_GIVEN MATERIAL_.
--

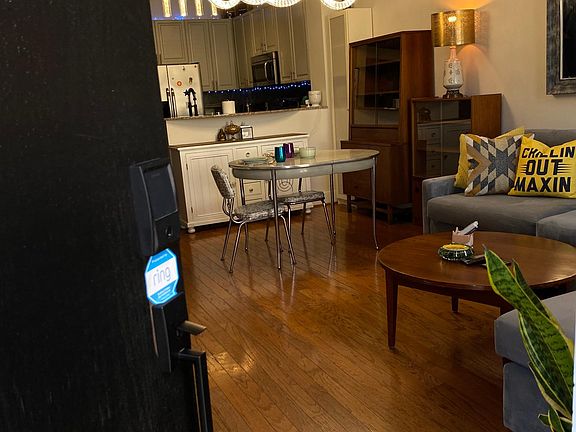 Entry from LightRail with keypad lock and Ring doorbell. Luxury upgraded LED lighting (furniture to show scale/potential).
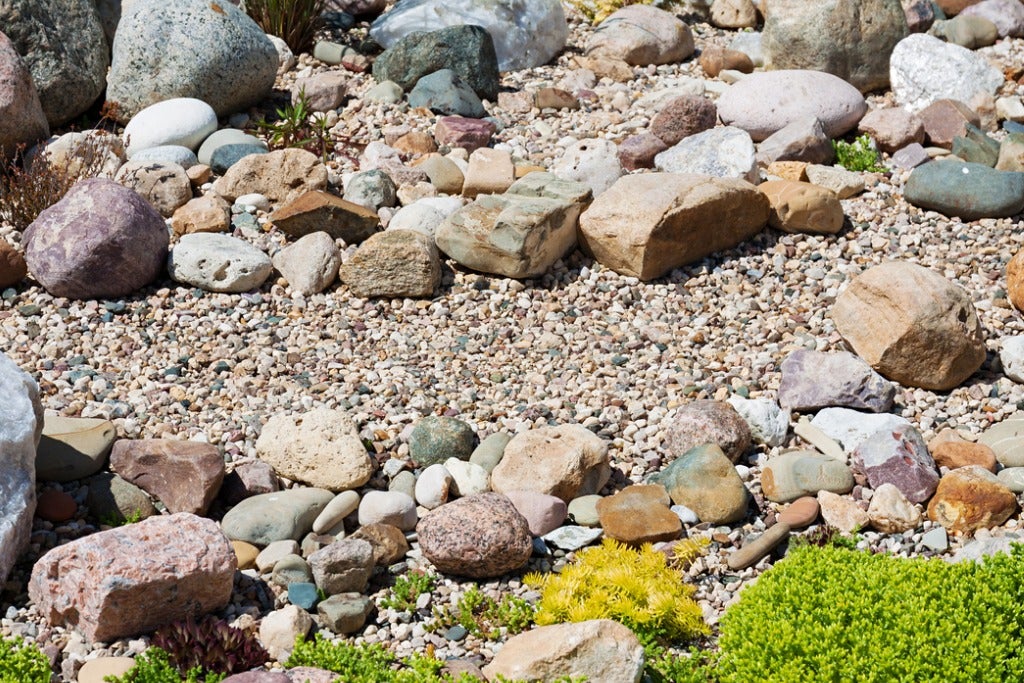 Caring For A Rock Garden Bed How To, How To Lay Garden Rocks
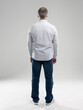 © opolja - rear view of elegant man standing in front of white background.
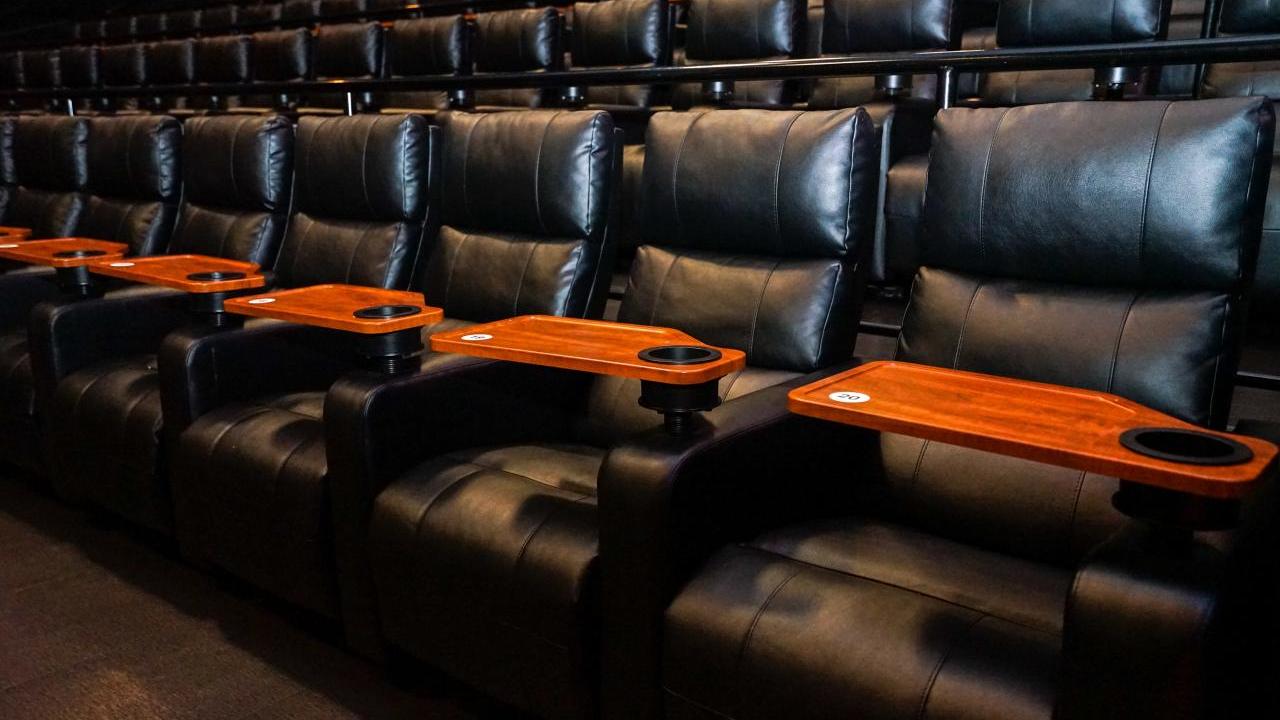 empty rows of leather seats in an auditorium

--

Leaving images out, please output every line of the data exactly.

 Entry from LightRail with keypad lock and Ring doorbell. Luxury upgraded LED lighting (furniture to show scale/potential).
 Caring For A Rock Garden Bed How To, How To Lay Garden Rocks
 © opolja - rear view of elegant man standing in front of white background.
 empty rows of leather seats in an auditorium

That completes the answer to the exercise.